The changes in Poland were developed over a long period of time and had become institutionalized. Opposition intellectuals had developed a highly elaborated alternative cultural system, and the vast majority of the population had links to Solidarity. The sort of "no" articulated in the face of Soviet totalitarianism was a matter of long experience; it had been expressed in 1956, '68, '70, '76, and throughout the 1980s. But much more than negation was involved in those expressions. As in Czechoslovakia alternative positions were represented, but in Poland these alternatives had a history and were systematically and intentionally developed. In Romania, the definition of the situation was unitary. In Czechoslovakia, it was diversified but very much an immediate improvisation. In Poland, a temporal dimension further enriched the democratic quality of the definition. The interactive public did not exist situationally only in space but also through time.

Adam Michnik famously formulated the opposition's central organizing imperative in the late 1970s: to act as if one lived in a free society. Michnik realized that if people acted as if they lived in a free society, they would, in the process, constitute free public space. He drew out the theoretical implications of what was developing in the private spaces of family and friends…. This strategy spread from a relatively small circle of opposition intellectuals to the broad societal movement of Solidarity….

That this simple opposition strategy had immense potential, beyond negation, was revealed during the societal mobilization for the first visit to Poland of Pope John Paul II. In communion with their faith and their compatriot, the Polish pope, the population saw themselves set apart from the communist authorities. They conducted themselves with dignity, and the authorities could do nothing but accept their powerlessness. Some saw in this a true, Catholic Poland. For others the lesson was less specific, but still they saw a self-organized society, independent of the party state. Definitions of the situation varied, but they had in common the characteristic of freedom.
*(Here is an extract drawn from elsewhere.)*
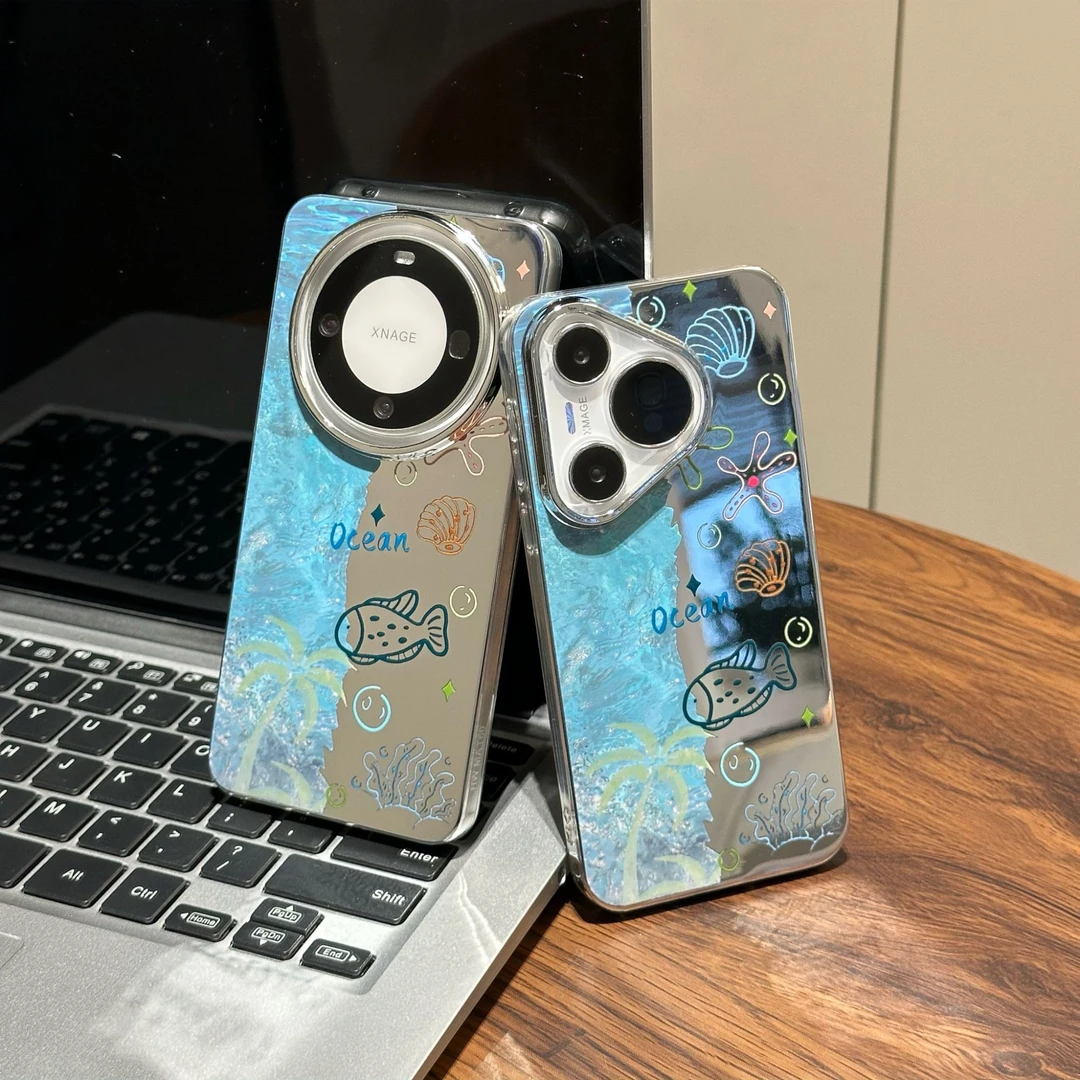 蓝色海洋世界适用苹果15/16promax镜面手机壳华为vivo小米14oppo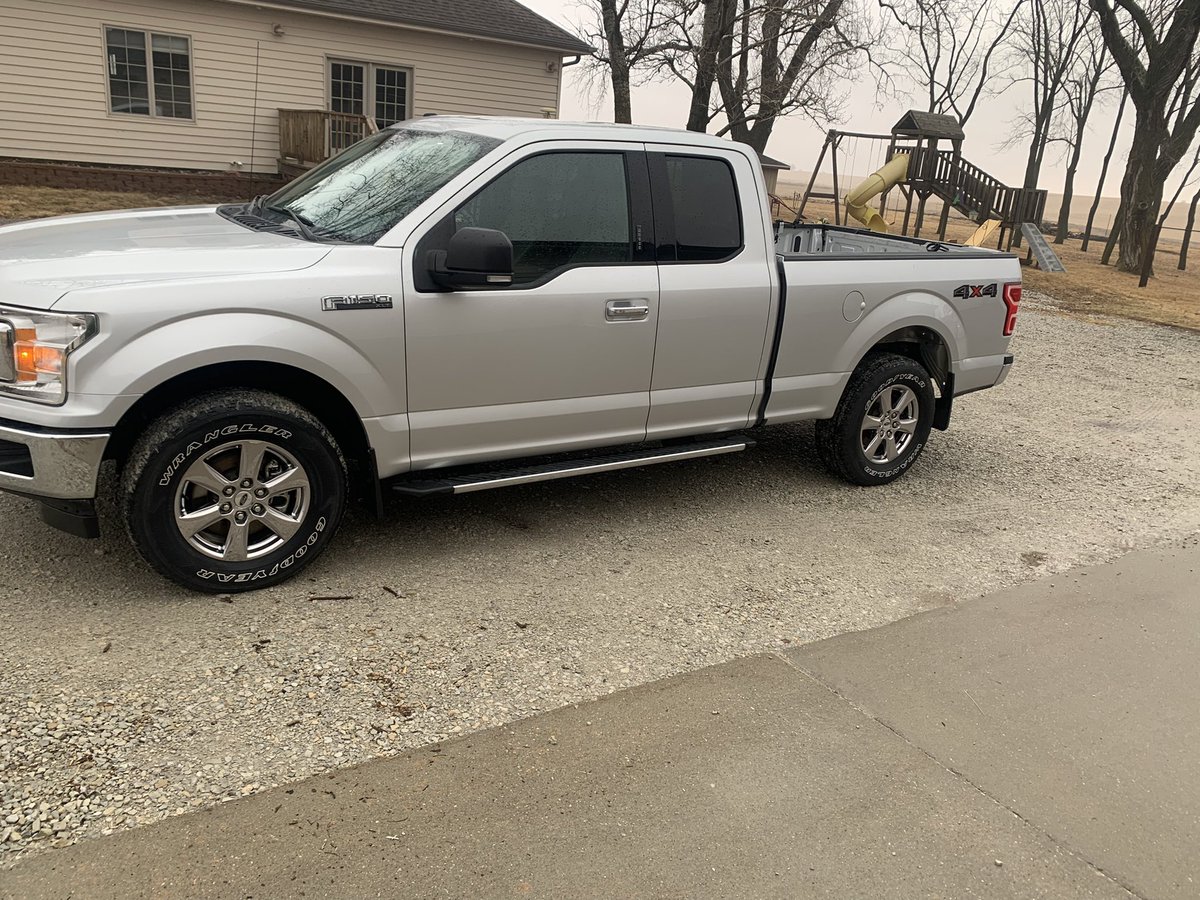 2018 F150 for sale. 50000 miles still driving so going up. Has 5 liter V8. 34,000. Has some tailgate damage.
The struggle against officialdom was a long and hard one in Poland. There was a long history of opposition to the Soviet-imposed order, and this history shaped the political landscape. From the immediate postwar period, through the consolidation of Polish Stalinism, the Polish October of 1956, the events of March 1968 and the strikes of December 1970, 1976, and 1980, and on to the struggles of Solidarity above and below ground, a full spectrum of political orientations and groupings developed in Poland. It was the great accomplishment of Solidarity to incorporate just about all opposition forces in the battle against the party state, and it is no surprise that they quickly separated once the common foe disappeared. Acting as if one lived in a free society created freedom dramatically and symbolically in key public events. The highlights included the papal visits, the nationwide strikes, the signing of accords between the communists and the union, the open actions of an independent workers' movement, and the first relatively free elections to put an end to a totalitarian regime. The self-constituted freedom also involved less visible actions: publishing clandestine newspapers, journals, and books, conducting illegal seminars, unionizing, and—the climax—working out the project of democratic transition through roundtable negotiations. The roundtable was a political form that repeated itself throughout the old bloc and was a key to the new definitions of the situation that emerged, a new political form. But note the special place it played in the Polish transition. It established the conditions for an election, which allowed the general public, as a free public, to democratically choose fundamental political transformation. Acting as if one lived in a free society did in fact bring such a society into being, and not only at the margins.

This points to an additional constitutive element of free politics. The Romanian case reveals the power and limitations of negation. The Czech case shows how linked acts of living in truth can come together to form a self-reflective and strategically capable form of power, up to the task of confronting and prevailing over a totalitarian opponent. In Poland, we observe how coordinated actions based upon the principle of freedom constituted a free public, which was capable of rapid institutionalization.

Relations in Public

My task in this chapter is to highlight how the interactively constituted politics of small things affected the course of postcommunism in three settings, not to make invidious comparisons between transitions to democracy. That the groundwork for free political action was better prepared in 1989 in Poland than in Romania, Czechoslovakia, or for that matter anywhere else in the former Soviet bloc, is obvious, as is the fact that the special advantage this preparation provided has been relatively short lived. There are also benefits that accrue to late developers. Thus, the first free elections in the rest of Eastern and Central Europe were not, for the most part, as limited as the first elections in Poland had been. And the advantages of sustained relatively free public activity in a totalitarian context are easily gained in more liberal circumstances.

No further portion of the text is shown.